We would like to perform linear regression on timeseries data, where each data point is conditioned on the previous one, i.e. we want to learn coefficients b_0 and b_1 such that
y_t \sim N(\mu = b_0 + b_1 * y_{t-1}, \sigma = 1)
for all t. We have been able to create a model that does this when we have complete data, but we are stuck on how to get our model to handle missing data. Using the following code to define our model, PyMC3 is able to easily impute any missing y values. However, for this particular problem, the x values are the same as the y values (just offset by 1 index), so missing y’s are the same as missing x’s.
data = np.arange(10)
x = data[:-1]
y = data[1:]
with pm.Model() as model:
beta = pm.Normal('bias', mu=0, sd=10, shape=2)

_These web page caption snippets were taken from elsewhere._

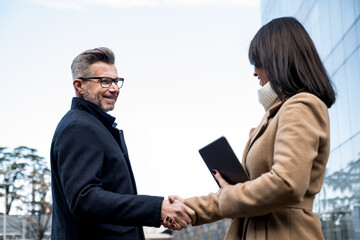 Business man shaking hands with partner in front of office buildings in the city - greeting,...
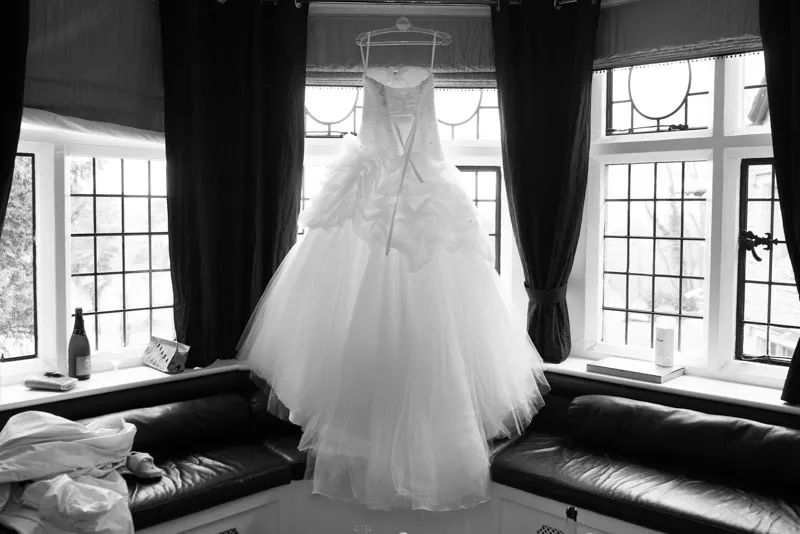 White wedding dress with a ruffled skirt hanging on a clear hanger in front of a bay window with dark curtains.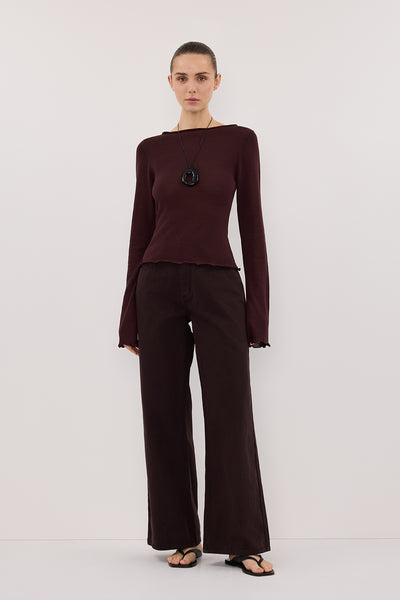 Stas wearing BLAKE PLUM LONG SLEEVE BOAT NECK KNIT TOP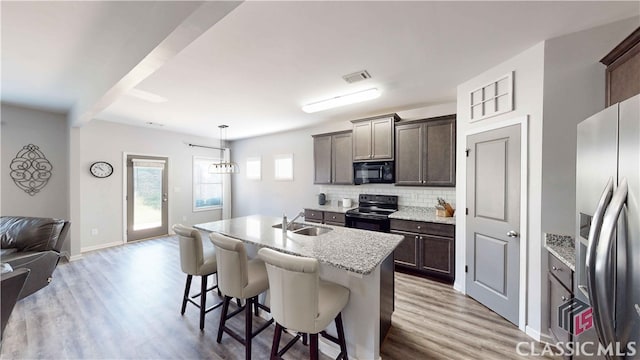 kitchen featuring light hardwood / wood-style floors, decorative light fixtures, black appliances, and a center island with sink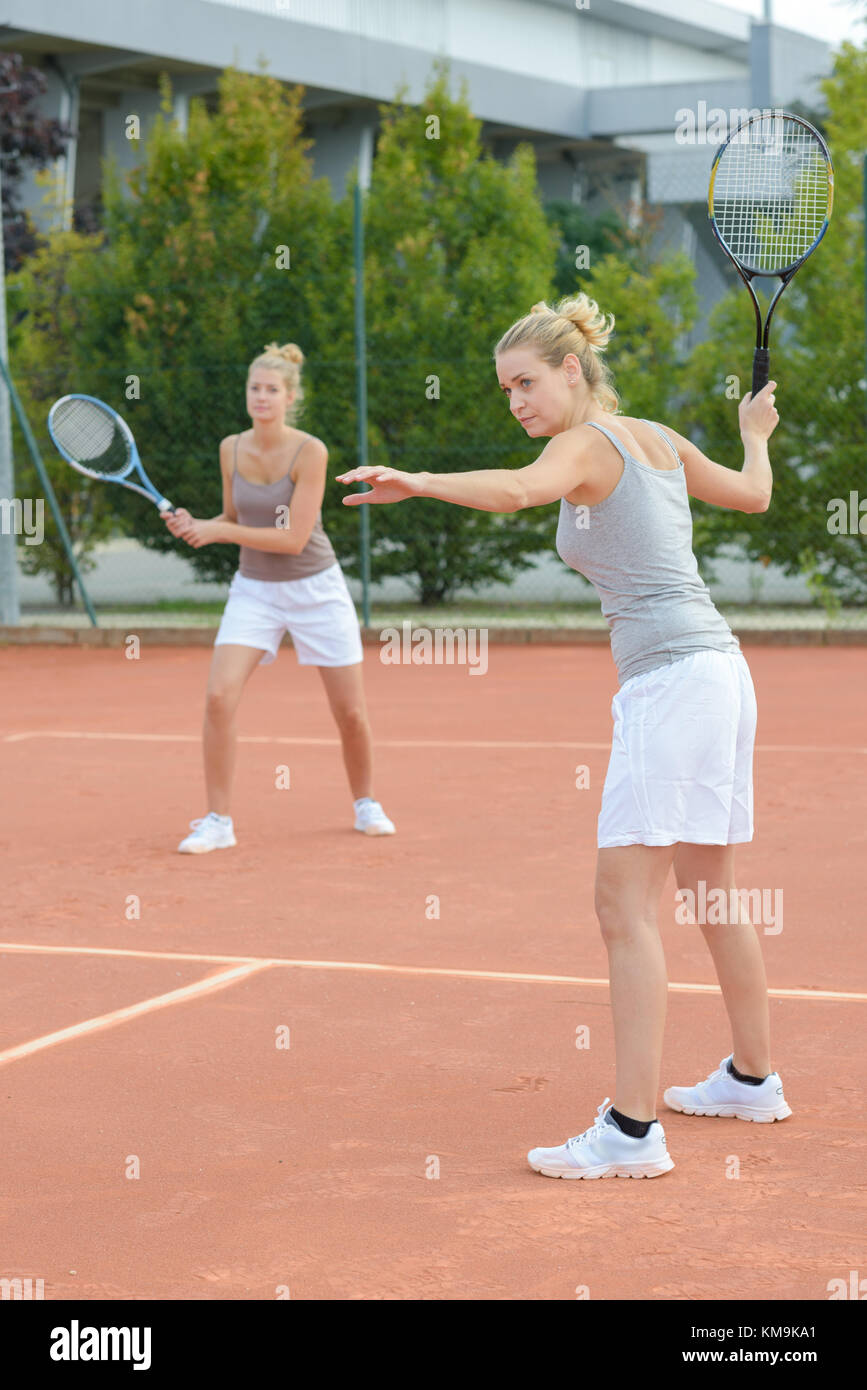 close up two attractive female tennis players have a fun Stock Photo Alamy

mu = beta[0] + beta[1] * x
Y_obs = pm.Normal('Y_obs', mu=mu, sigma=1, observed=y)
We then tried defining a custom multivariate distribution over our entire dataset so that it would be treated as one series of values, rather than having to separate it into x’s and y’s prior to entering the model. This solution still wasn’t able to handle missing data since there is no way to compute the likelihood of the distribution when there are NaN’s in the data.
def likelihood(beta):
def logp_(data):
data = data.eval()
x = counts[:-1]
y = counts[1:]
mu = beta[0] + beta[1] * x
lik = pm.Normal.dist(mu=mu, sigma=1)
return lik.logp(y)
return logp_
with pm.Model() as model:
beta = pm.Normal('beta', mu=0, sd=10, shape=2)
Y_obs = pm.DensityDist('Y_obs', likelihood(beta), observed=data)
Any ideas on how to handle missing data for this problem?